Task material START
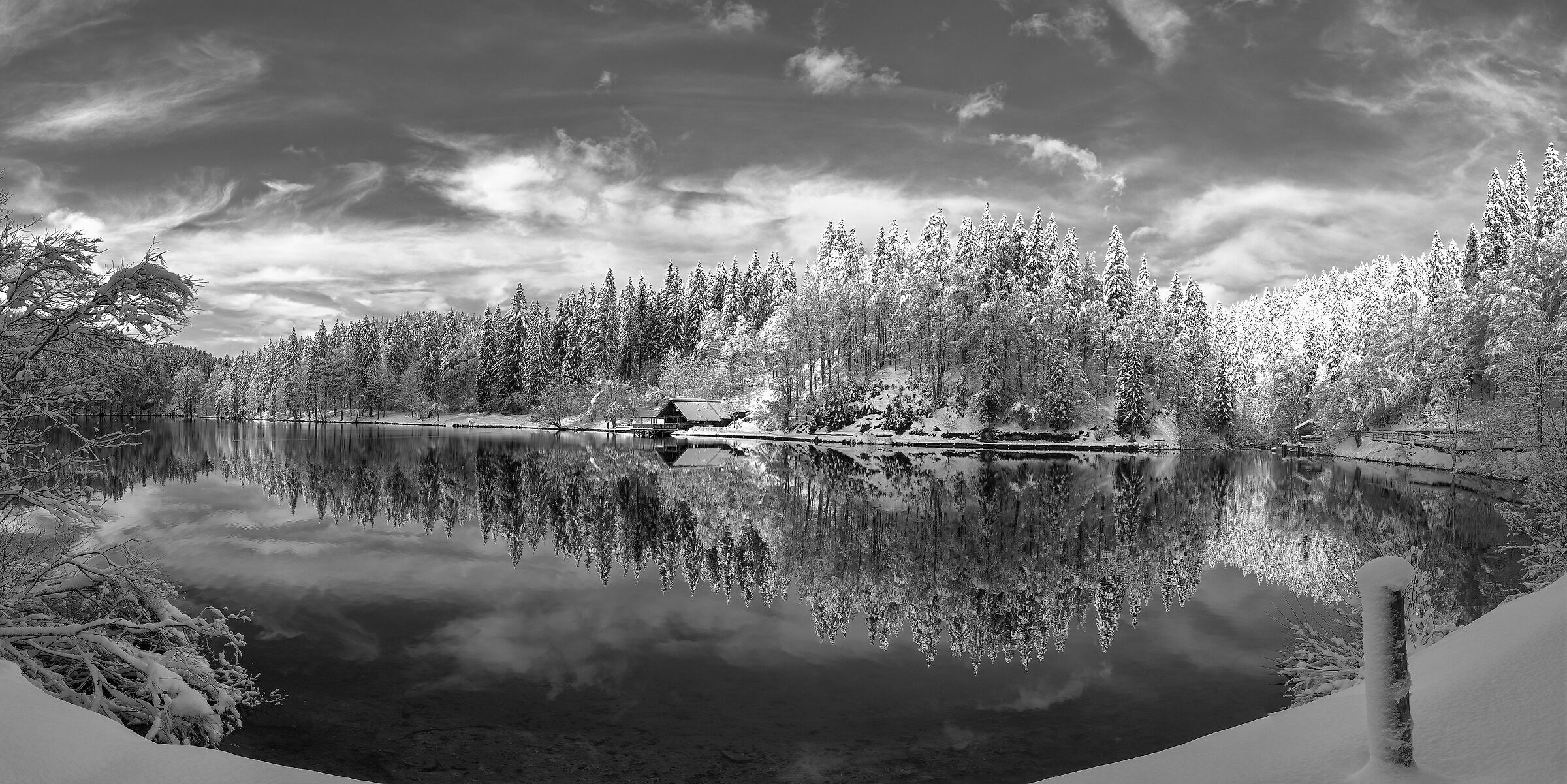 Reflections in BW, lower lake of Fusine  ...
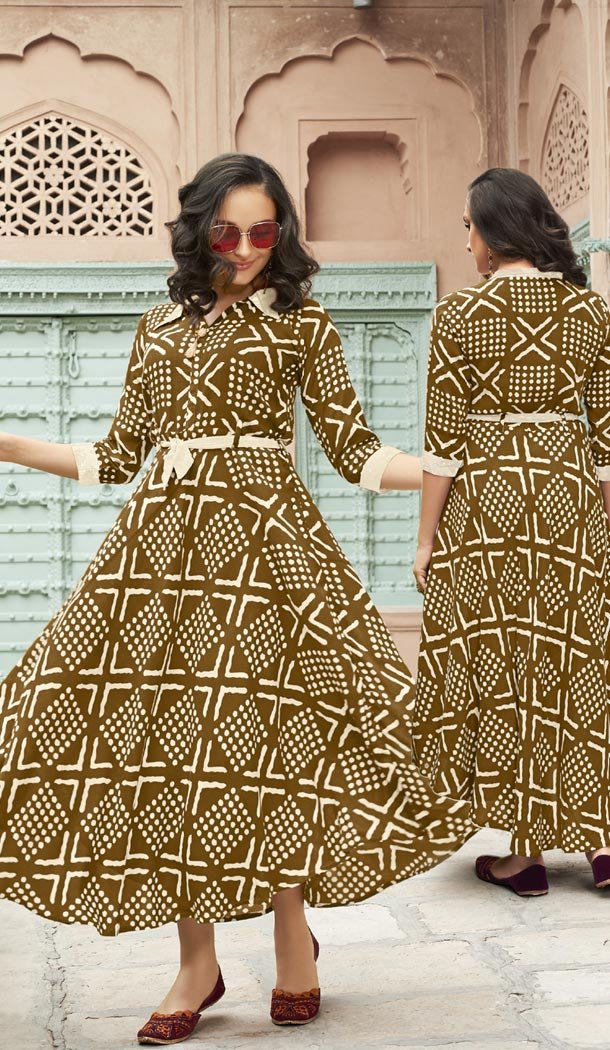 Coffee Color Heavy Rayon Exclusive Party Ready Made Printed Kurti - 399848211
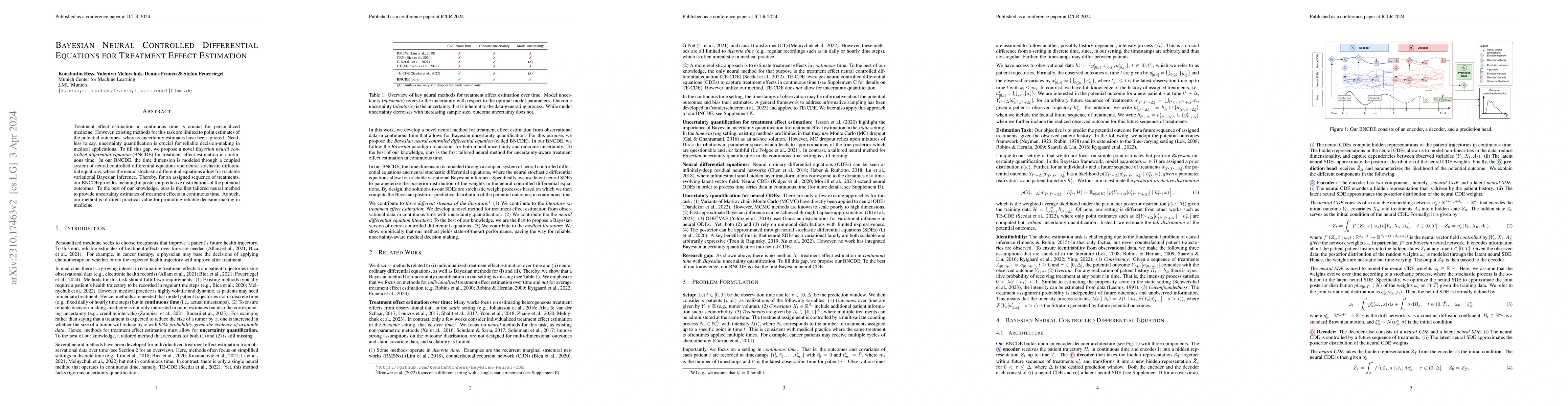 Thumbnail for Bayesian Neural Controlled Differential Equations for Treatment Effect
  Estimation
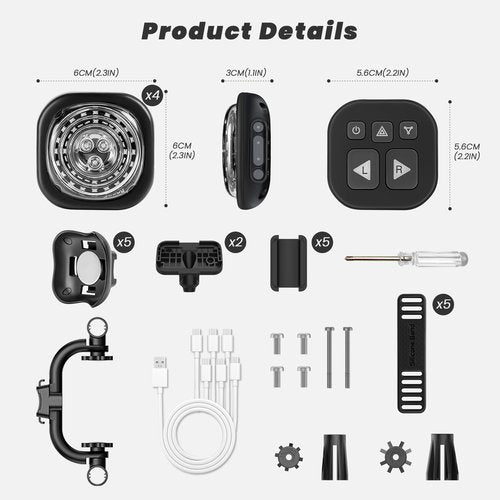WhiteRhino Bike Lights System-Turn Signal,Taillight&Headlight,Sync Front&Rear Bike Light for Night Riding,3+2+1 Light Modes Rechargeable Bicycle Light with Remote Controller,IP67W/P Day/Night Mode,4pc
Task material END
**Exercise instructions**
Reproduce each entry precisely; the pictures stay out.

**Solved problem**
 Reflections in BW, lower lake of Fusine  ...
 Coffee Color Heavy Rayon Exclusive Party Ready Made Printed Kurti - 399848211
 Thumbnail for Bayesian Neural Controlled Differential Equations for Treatment Effect
  Estimation
WhiteRhino Bike Lights System-Turn Signal,Taillight&Headlight,Sync Front&Rear Bike Light for Night Riding,3+2+1 Light Modes Rechargeable Bicycle Light with Remote Controller,IP67W/P Day/Night Mode,4pc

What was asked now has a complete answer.